- [What is needed]: Retype only the lines at the head of the records, first through the one with "Tabouret de bar", exactly as written.

- [Exercise materials]:
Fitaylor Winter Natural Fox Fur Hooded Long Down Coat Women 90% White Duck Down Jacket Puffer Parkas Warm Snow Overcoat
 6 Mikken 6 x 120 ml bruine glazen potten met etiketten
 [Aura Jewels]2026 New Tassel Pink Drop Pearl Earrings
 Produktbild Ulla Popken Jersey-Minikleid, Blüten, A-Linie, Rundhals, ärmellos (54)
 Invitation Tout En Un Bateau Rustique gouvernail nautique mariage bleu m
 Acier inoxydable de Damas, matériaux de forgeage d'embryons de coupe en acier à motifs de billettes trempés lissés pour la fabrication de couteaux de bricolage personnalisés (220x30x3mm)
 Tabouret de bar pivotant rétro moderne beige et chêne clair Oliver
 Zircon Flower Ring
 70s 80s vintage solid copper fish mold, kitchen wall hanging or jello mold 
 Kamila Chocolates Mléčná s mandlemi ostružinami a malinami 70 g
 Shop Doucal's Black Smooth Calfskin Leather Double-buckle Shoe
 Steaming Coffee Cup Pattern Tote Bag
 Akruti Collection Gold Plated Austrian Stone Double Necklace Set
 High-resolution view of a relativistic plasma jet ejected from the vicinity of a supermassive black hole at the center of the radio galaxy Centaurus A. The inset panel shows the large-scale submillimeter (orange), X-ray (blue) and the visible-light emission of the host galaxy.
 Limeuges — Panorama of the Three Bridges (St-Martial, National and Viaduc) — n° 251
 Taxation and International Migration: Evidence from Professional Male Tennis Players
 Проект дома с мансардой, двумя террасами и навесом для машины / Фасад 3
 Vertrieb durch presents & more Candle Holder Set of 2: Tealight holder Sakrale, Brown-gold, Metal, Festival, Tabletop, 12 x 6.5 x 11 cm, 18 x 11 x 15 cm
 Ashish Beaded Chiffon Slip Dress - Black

- [Exercise result]:
Fitaylor Winter Natural Fox Fur Hooded Long Down Coat Women 90% White Duck Down Jacket Puffer Parkas Warm Snow Overcoat
 6 Mikken 6 x 120 ml bruine glazen potten met etiketten
 [Aura Jewels]2026 New Tassel Pink Drop Pearl Earrings
 Produktbild Ulla Popken Jersey-Minikleid, Blüten, A-Linie, Rundhals, ärmellos (54)
 Invitation Tout En Un Bateau Rustique gouvernail nautique mariage bleu m
 Acier inoxydable de Damas, matériaux de forgeage d'embryons de coupe en acier à motifs de billettes trempés lissés pour la fabrication de couteaux de bricolage personnalisés (220x30x3mm)
 Tabouret de bar pivotant rétro moderne beige et chêne clair Oliver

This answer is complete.